In many countries around the world, it is easy to take internet access for granted. There are an estimated 3.2 billion people online today1, using the web to improve their daily lives by accessing news and health information, using e-government services, and connecting with global markets. Yet over 60% of the world’s population remains offline, excluded from accessing the life-changing possibilities of the web. Internet penetration rates drop further in Africa, where just one in five people use the internetibid..
What accounts for these low levels of connectivity in Africa and across the developing world? How would expanding internet access across the continent change social and economic realities for the average citizen? What do African governments and stakeholders alike need to do to make increased access a reality?
Barriers to connectivity
There is a number of obstacles to increasing internet access among populations that wish to be online, from low levels of digital literacy, to insufficient infrastructure to support the delivery of services, and a lack of relevant content. The primary barrier to expanding online access throughout the developing world, however, is affordability.
In 2011, the United Nations Broadband Commission set a target for entry-level broadband to cost no more than 5% of average monthly income (i.e., GNI per capita) by 2015. Though progress has been made toward reducing the price of a basic internet connection, we have fallen woefully short of achieving this target. Only 23 out of the 51 emerging and developing countries surveyed in the Alliance for Affordable Internet’s 2014 Affordability Report could claim to meet this 5% threshold2. In the remaining 28 countries surveyed, internet costs as a percentage of GNI per capita remained well over the 5% mark, with the price of a fixed broadband package hovering around 40% of average monthly incomeibid..The high cost to connect particularly inhibits the ability of certain populations ‒ such as those living in poverty (i.e., those earning less than $2/day), those living in rural areas, and women ‒ in getting online.

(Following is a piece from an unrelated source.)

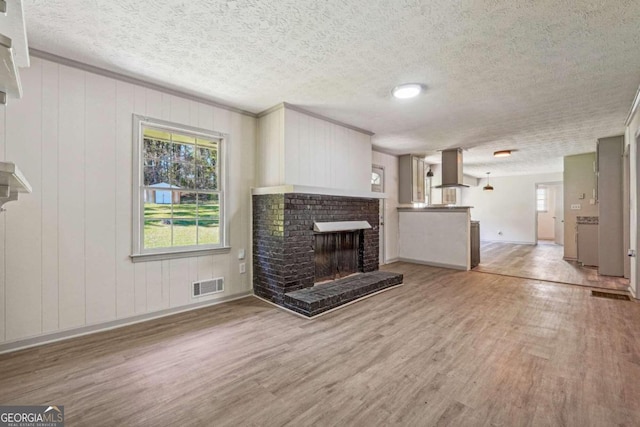 unfurnished living room featuring a fireplace, wooden walls, crown molding, light wood-type flooring, and a textured ceiling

This digital divide exacerbates already existing economic and social divides, conspiring to stifle national development and keep those who arguably stand the most to benefit from online access from accessing the empowering potential of the web.
The importance of expanding internet access in Africa
The benefits of broadband are significant and wide-ranging, and have the power to improve development outcomes and underpin achievement of the new UN Sustainable Development Goals. The positive economic effects of internet access have been well documented ‒ a World Bank study showed that a 10% increase in broadband penetration can accelerate economic growth in low- and middle-income countries by up to 1.38 percentage points3. Given sub-Saharan Africa’s estimated GDP of $1.712 trillion, even modest increases in online penetration have the potential to yield billions in economic benefits4.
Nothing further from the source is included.